When starting your journey with Machine learning, the first model you will be given to learn is Regression. More specifically linear regression. Here, we predict a continuous numerical value from other numerical and categorical features. We just find a best-fit line that captures the pattern in the data to predict the outcome.
As stated earlier, Regression is the first machine-learning model to be learned and deeply understood. A clear understanding of certain mathematical and statistical concepts is mandatory to understand regression.
Before getting started with linear regression, a few conditions have to be met.
The independent features and the target variable should form a linear relationship. This can be checked using a scatter plot with the x-axis as the independent variable and the y-axis as the dependent target variable. A perfect to roughly straight inclined line(/ or ) should be formed proving the linearity.
We should obtain the first or the second plot to prove linearity. In the first image, there is a positive correlation which means both move in the same direction. When the independent variable increases, the target also gets increased, and similarly in the case of a decrease.
In the second image, it is the opposite, if the independent variable increases, the target variable decreases, and vice versa. Any one of these two relationships should be present for moving forward with linear regression.

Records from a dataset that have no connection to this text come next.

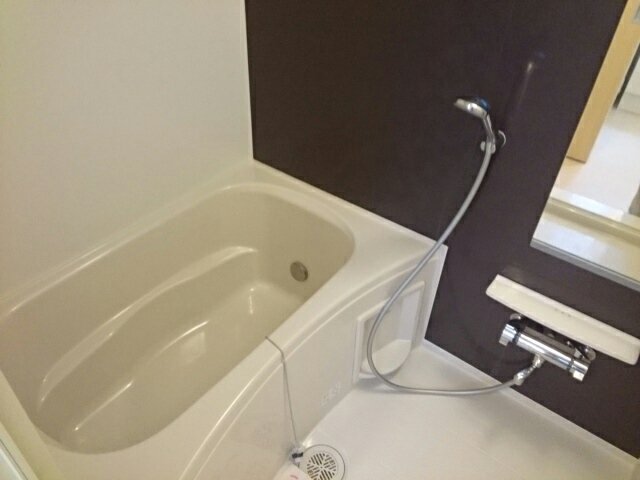 【リフレ IIIのバス・シャワールーム】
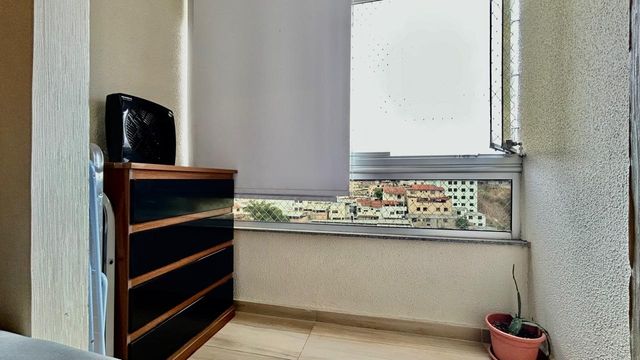 📸 DESCRIÇÃO PARA IMAGEM (Praedium):
Apartamento à venda com 2 quartos (1 suíte) no Democrata – R$ 320.000
📍 Rua Professora Violeta Santos, 31 – Democrata – Juiz de Fora/MG
Souza e Albano Serviços Imobiliários
📞 (32) 99829-7059 | CNPJ: 53.373.878/0001-39

Hashtags:

#souzaealbanoservicosimobiliarios #imobiliariasouzaealbano #apartamentoavenda #apartamentodemocrata #juizdefora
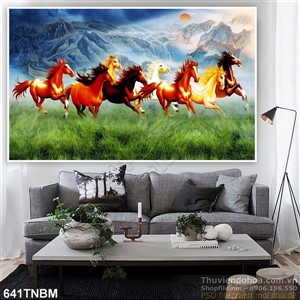 Tranh 8 con ngựa trên bãi cỏ xanh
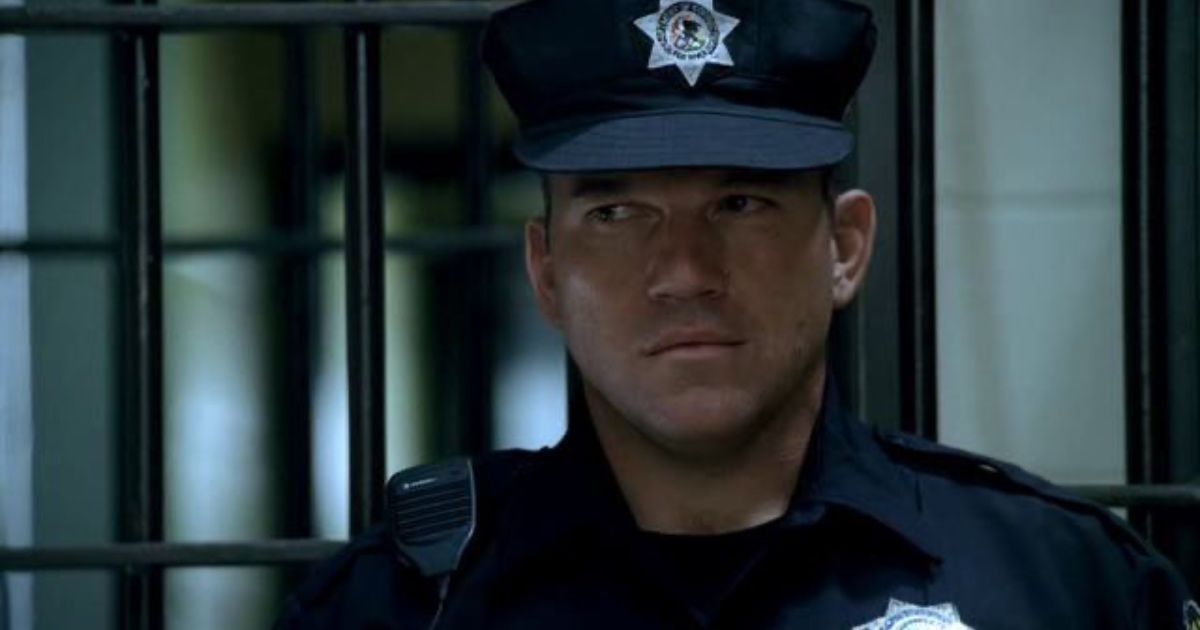 Oficial Brad Bellick em cena de Prison Break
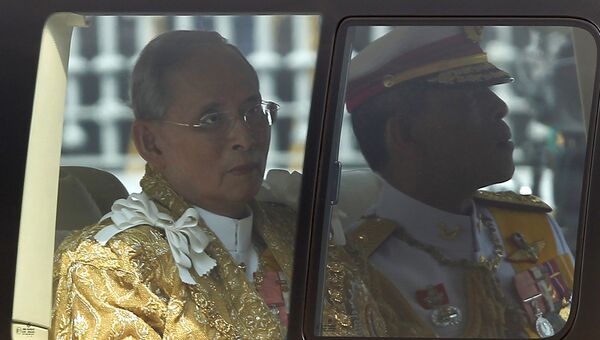 Король Таиланда Пхумипон Адульядет и наследный принц Маха Вачиралонгкорн в Бангкоке, Таиланд
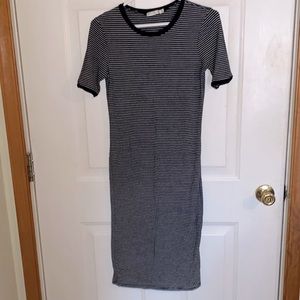 Sleep dress/lounge wear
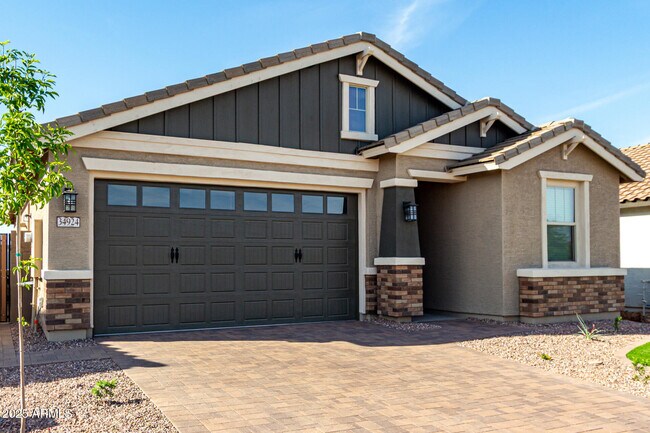 Foto del edificio - 34924 N Hawley Dr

2)Absence of Multicollinearity:
Multicollinearity refers to the correlation of independent features among themselves. Just as we saw the positive and negative correlation between independent and target features, two or more independent features might show this kind of correlation among themselves. But this is not a favorable relationship. The independent features when being related to each other, will not help in bringing out the significant impact each of them has on the target individually. This relationship tends to increase the variance of the coefficients of the features. This can be checked using heatmaps and VIF (Variance Inflation Factor). The correlation value of all the feature pairs should be closer to zero from both sides. VIF has to be a lesser value if multicollinearity is absent.
3)Absence of Heteroscedasticity
This makes sure that the error that occurred from the model is purely random. It should not be related to the predicted values or predictor variables. This can be tested using the scatterplots again. Plot the error in the y-axis and the predictor and predicted variables in the x-axis. The variance of the error should not follow any pattern as the value of the predictor or predicted value changes. Note that the variance should not form a pattern.
In the above image, the first and the second pictures indicate heteroscedasticity. The variance is growing as the x-axis value increases in the first picture. In the second picture, the variance decreases as the x-axis value changes. Both indicate heteroscedasticity. In the third picture, the variance remains constant.
4)Absence of Autocorrelation:
Autocorrelation is present when the errors are related to one another. The errors explaining themselves will not yield a good model. To check this, we can conduct a Durbin-Watson test. The value from this test shouldn’t be higher if autocorrelation is absent.
5)Normal distribution of error:
The final condition to be met for linear regression is the normal distribution of error. This can be checked using a histogram.
Always remember to check these conditions before building a regression model.